(Given data begins)

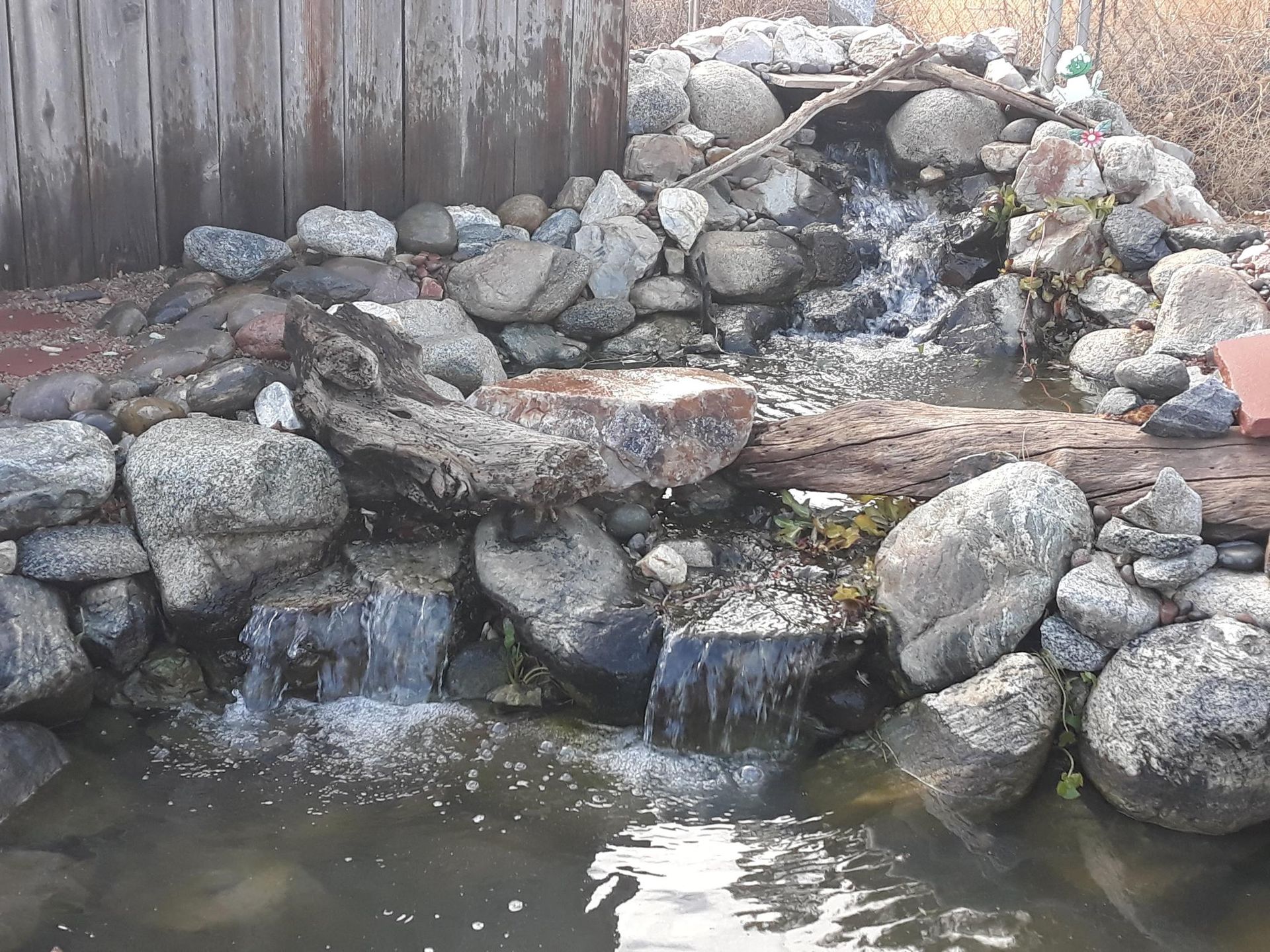 A waterfall is surrounded by rocks and a wooden fence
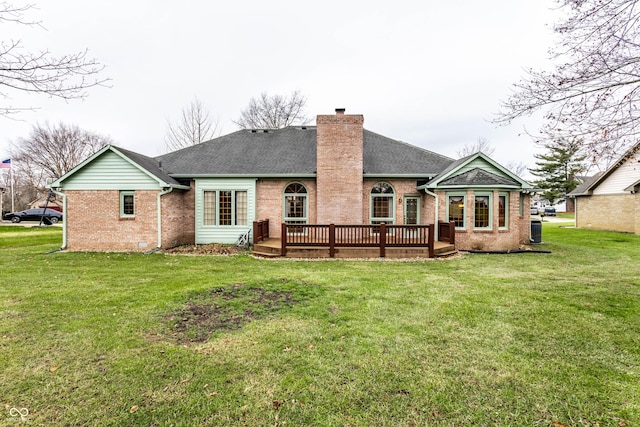 back of property with a wooden deck and a yard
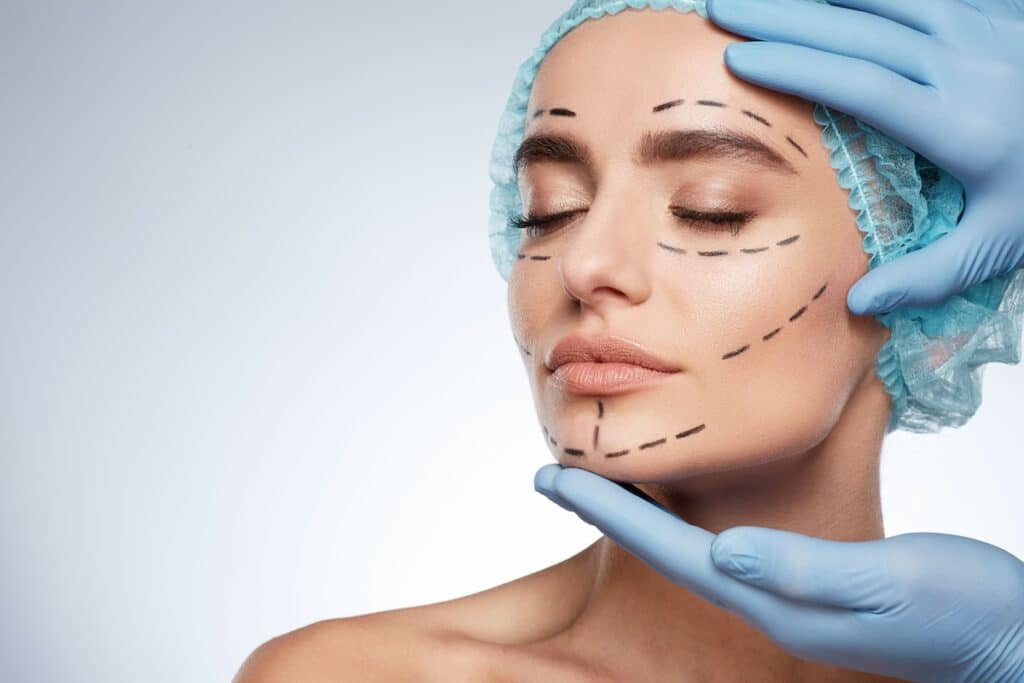 Woman wearing a surgical cap with dotted lines on her face, as gloved hands touch her face.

(Given data ends)

» **Task**
Leaving the pictures out, write out all the material above exactly.

» **Finished exercise**
 A waterfall is surrounded by rocks and a wooden fence
 back of property with a wooden deck and a yard
 Woman wearing a surgical cap with dotted lines on her face, as gloved hands touch her face.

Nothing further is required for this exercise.